Well constructed machine learning models can give a business a competitive advantage by helping make more nimble decisions but ML models should not be left to themselves. Companies that can make decisions faster can capture new opportunities quicker and compete with and take share from larger rivals. While ML can be very valuable, there are also risks when models don’t perform as expected or perpetuate past mistakes.
To work, ML models need to be trained and how we train them will dictate if outcomes are good or bad. Machine learning models are like children they learn from what they see around them and don’t differentiate between good and bad examples. Models that malfunction or make decisions that cut against society’s ethics can cause serious damage to brands or create legal problems. ML algorithms need rules or guardrails to ensure that they don’t cause irreversible damage. With rules defined by humans to monitor ML models, we can have more confidence that they will not make unscrupulous decisions that can cause issues.
How can ML get into trouble?
Well by learning from our bad habits or unethical past behavior. Models are developed using historical data and if that data includes biases, these prejudices can unwittingly be incorporated into the model. In many cases, ML models can even amplify our past poor decisions. Specifically, bias around gender and race can lead ML models to make discriminatory decisions. For example, a model used to hire software developers may detect a trend in the data that shows that the majority of software developers are male and learn to disqualify applicants that are not male. Using this variable to discriminate against females is not only unethical but it is illegal.
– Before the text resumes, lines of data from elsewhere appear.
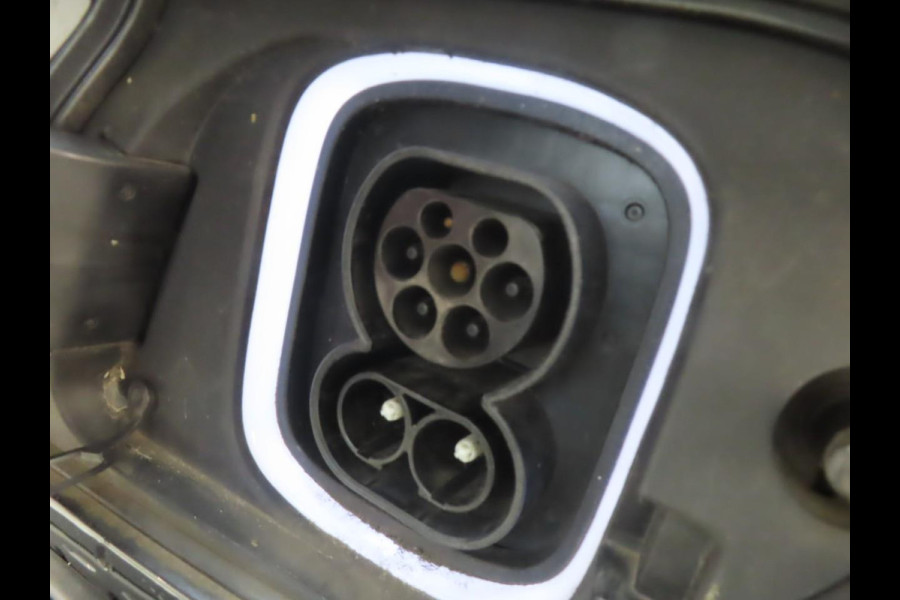 Hyundai Kona EV Fashion 64 kWh | SOH 98,9 % | Warmtepomp | Navigatie | VERWACHT! |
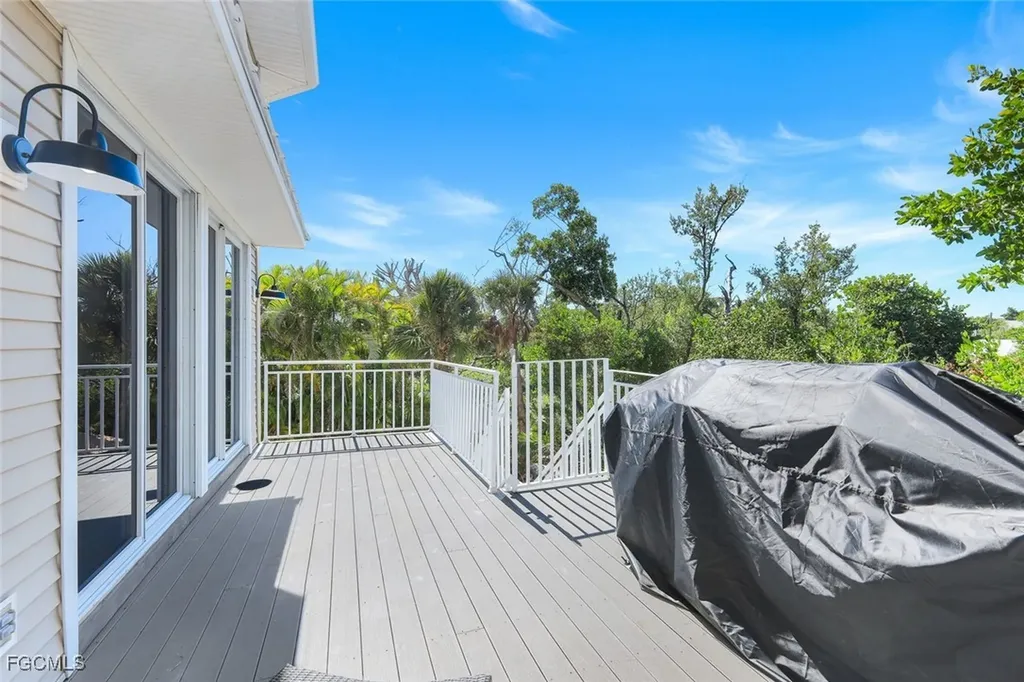 1111 Schooner Place Sanibel FL 33957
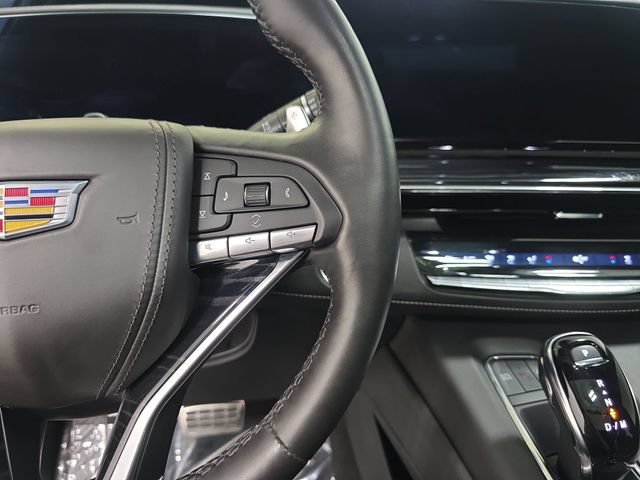 Certified 2024 Cadillac Escalade ESV V w/ LPO, Floor Liner Package AWD/4WD image 15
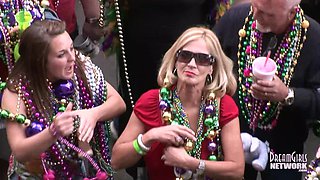 Flirtatious courtesan - beads clip - DreamGirls Members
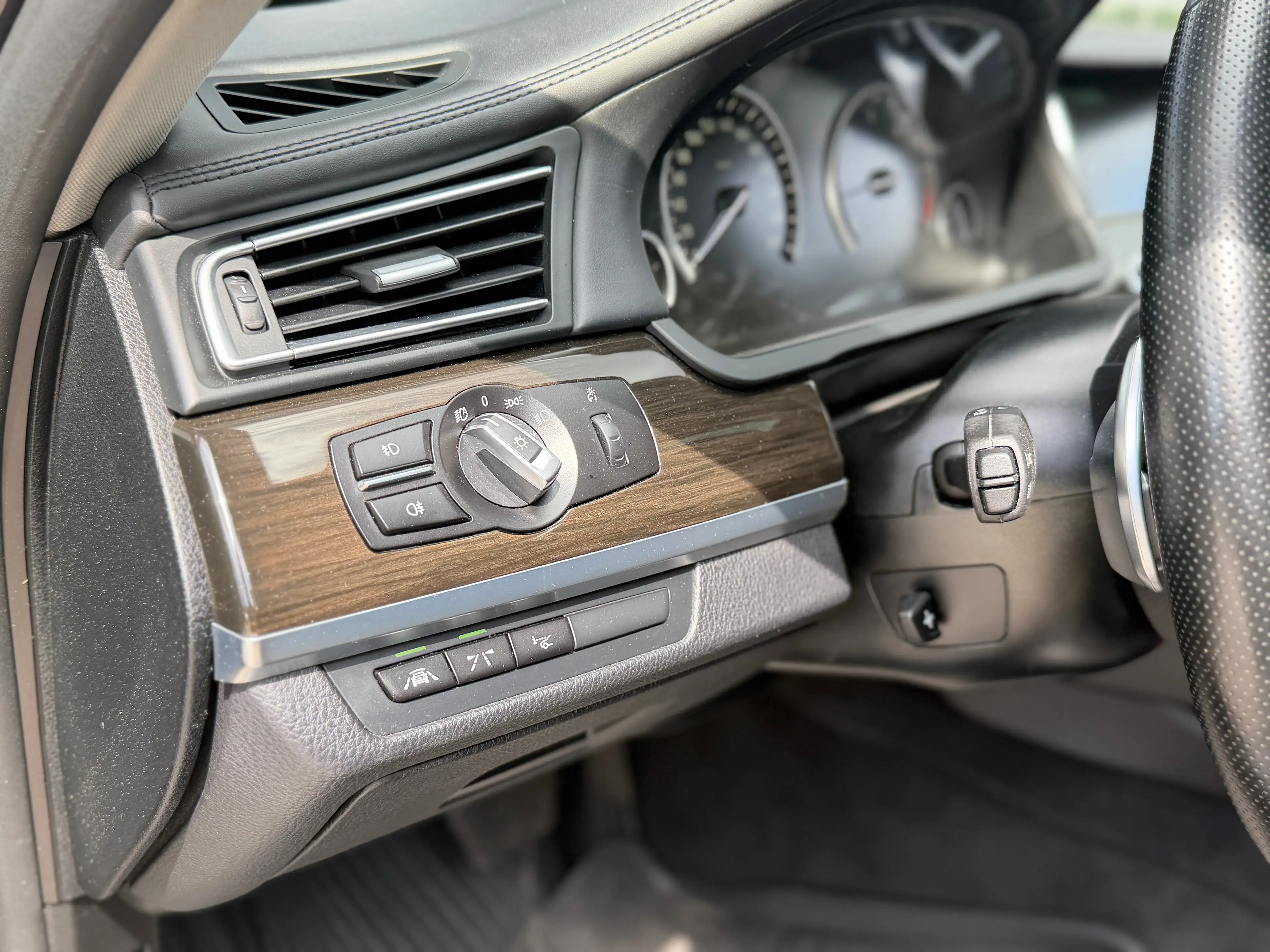 BMW 740 740 d xDrive — photo 15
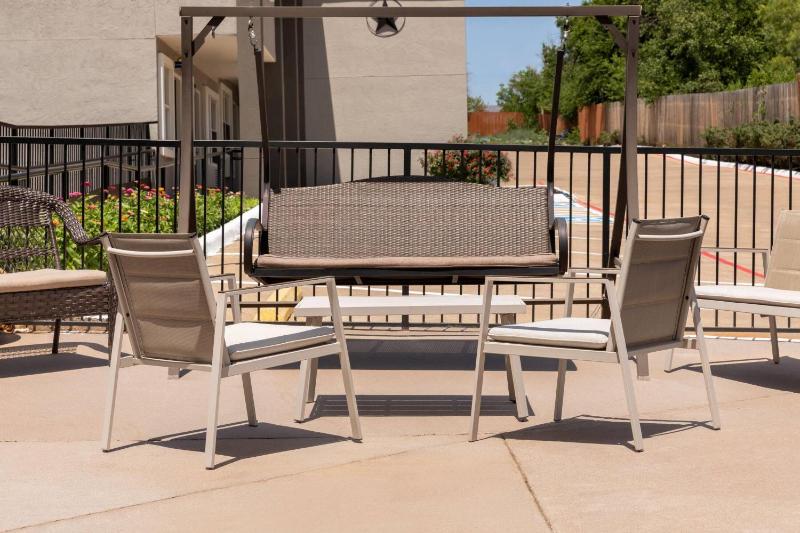 Days Inn by Wyndham Suites Fredericksburg - image 2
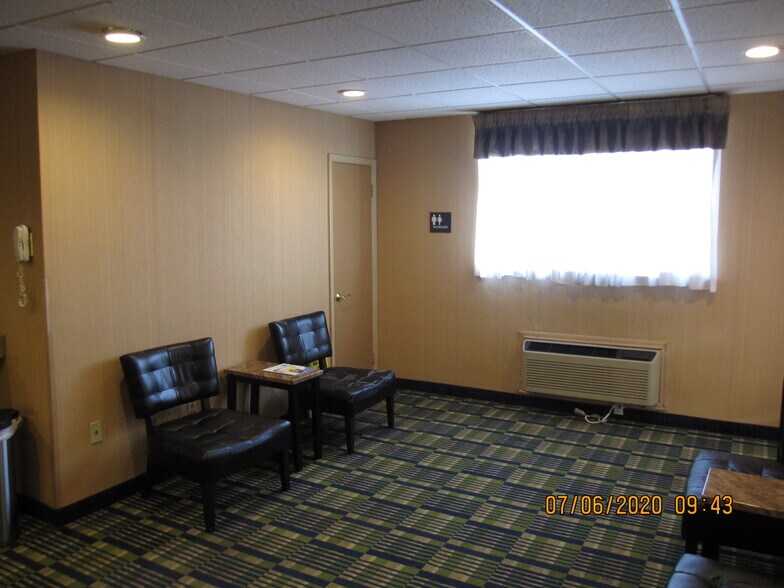 More Photos Of 7200 Transit Rd, Williamsville Hotel For Sale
An astute data scientist should be able to spot this error and exclude sex as a factor in the model, but there are secondary and tertiary variables that may correlate with sex that can lead to an ML model to make a sexist decision. The fact that an applicant might be a member of a women’s organization may lead to rejection. While not specifically disqualifying women, females are much more likely to be a member of a women’s group or attending a women’s college leading to discriminatory practices. This is not a hypothetical example but is what happened to a recruiting bot built by Amazon.
Even when the most diligent data scientist removes biases from models, data drift and new data incorporated into the model can introduce new biases. This requires someone to monitor models in production to make sure that they are operating properly. Unfortunately in some cases, models can get orphaned with no owner to keep track of them. Algorithms can operate for an extended period of time before anyone notices that they are discriminating.